Our Lord’s command to His disciples is, “Ask,” but what follows that command? Why, the promise, “ye shall receive.” Then there must be a time for receiving, as well as season for asking. But if, instead of stretching out my hand gratefully to receive what God is waiting to give, I continue still to ask, and forget or neglect to receive, I put prayer out of its proper place.
Our Savior also said, “Seek, and ye shall find.” Well, if I have sought, and at last have found the treasure I have been seeking—if instead of perceiving that it is there, and taking possession of it, and blessing God that I have found it—if I still go on seeking for it, then I have forgotten that while there is a time to seek, there is also a time to find, and my seeking then becomes unseasonable.

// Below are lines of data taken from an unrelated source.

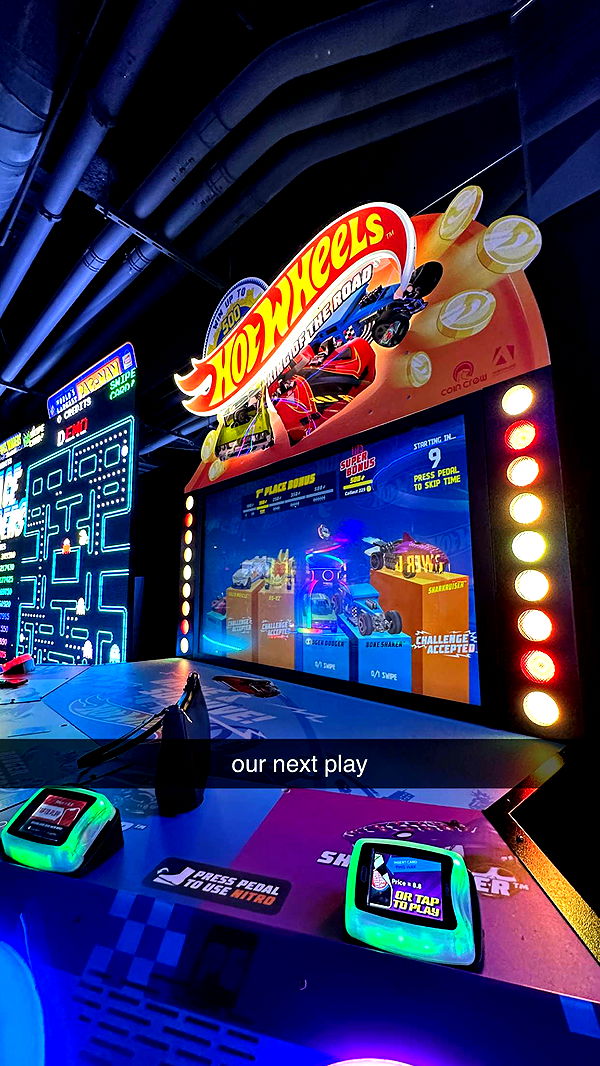 keab01 image ~ Altpins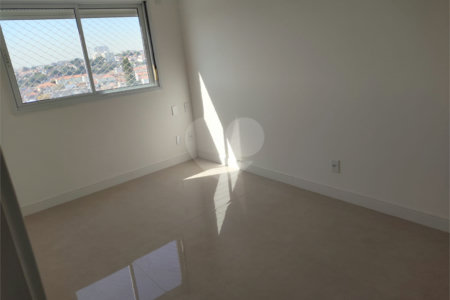 Apartamento à venda com 2 quartos, sendo 1 suíte,  em Vila Nova Mazzei, São Paulo, SP
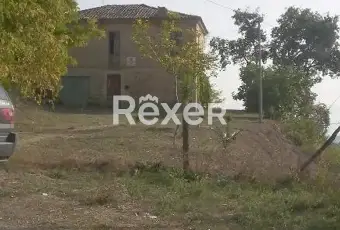 Rexer-Colonnella-Casalecascina-in-vendita-in-Contrada-san-martino-Colonnella-Altro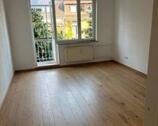 Foto - 2 Zimmer Etagenwohnung in Bremen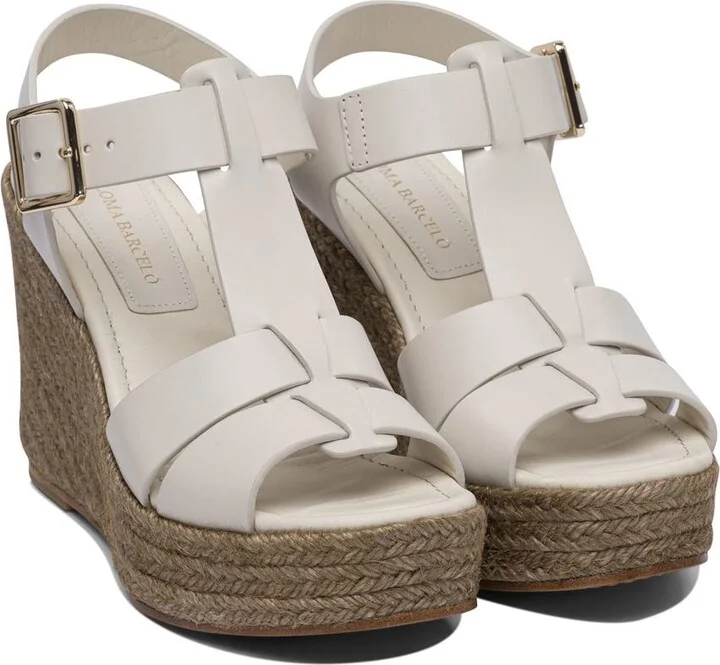 Paloma Barceló Sandals - Image 2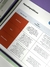 Farmaco Flash - comprar online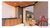 Apartamento, 2 quartos, 84 m² - Foto 1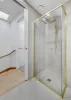 108b Albion Street, Brunswick, Vic 3056-Image
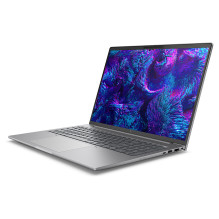 HP ZBook 8 G1i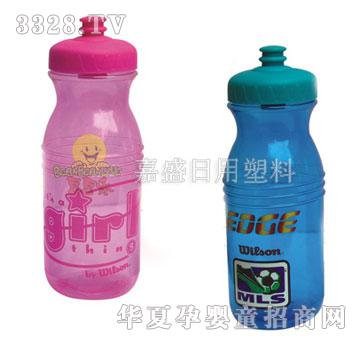 ����580ML͸��ˮ��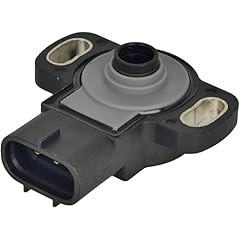 Xyzil throttle position for sale  Delivered anywhere in USA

It is the same with the command and promise, “Knock, and it shall be opened unto you.” Suppose that I have knocked, and that the door has been opened to me, but that I still stand knocking at it, it is manifest that I am acting foolishly and wrongly—that I am casting reflections upon the Owner of the house, and also upon the sincerity of my own knocking, for it is doubtful whether I really did knock with the honest purpose of getting the door opened if, when that opening has taken place, I do not avail myself of the opportunity to enter, but continue still to knock.
I do not say that we may not pray for something else, but I do say, in respect to the one thing which we have asked of God, that there comes a time for receiving rather than asking, with regard to the thing which we have sought at the Lord’s hands, there comes a time for finding, and concerning the door at which we have knocked, there comes a time for opening, and in each of these cases, the Lord’s question to Moses comes with appropriateness to each one of us, “Wherefore criest thou unto me?” When do you think, dear friends, that prayer about anything becomes out of date? I answer—When we ought to believe that we have the answer to our supplication. I do believe that many a time some of you go on asking for a certain blessing after you have received it though you are not conscious that you have it. I am glad that you still ask for it as you think that you have not received it, but it would be a better evidence of your spiritual growth if you perceived that when God has given you a certain thing in answer to your petitions, you certainly do not need still to ask for it. You have it, so rejoice over it, and bless the Lord for giving it to you.
I think there are some Christians who have received many blessings of which they are quite unaware. They have what they asked for, yet they still continue to pray for them. For instance, in some cases the prayer for assurance is offered long after assurance has been granted. Someone says that he believes the promise of God, but he wants to be more fully assured concerning it. My dear brother, what do you mean? To be more assured that God made the promise? Because if so, you will have to go into the question of the authenticity of that particular passage, and of the Bible in general.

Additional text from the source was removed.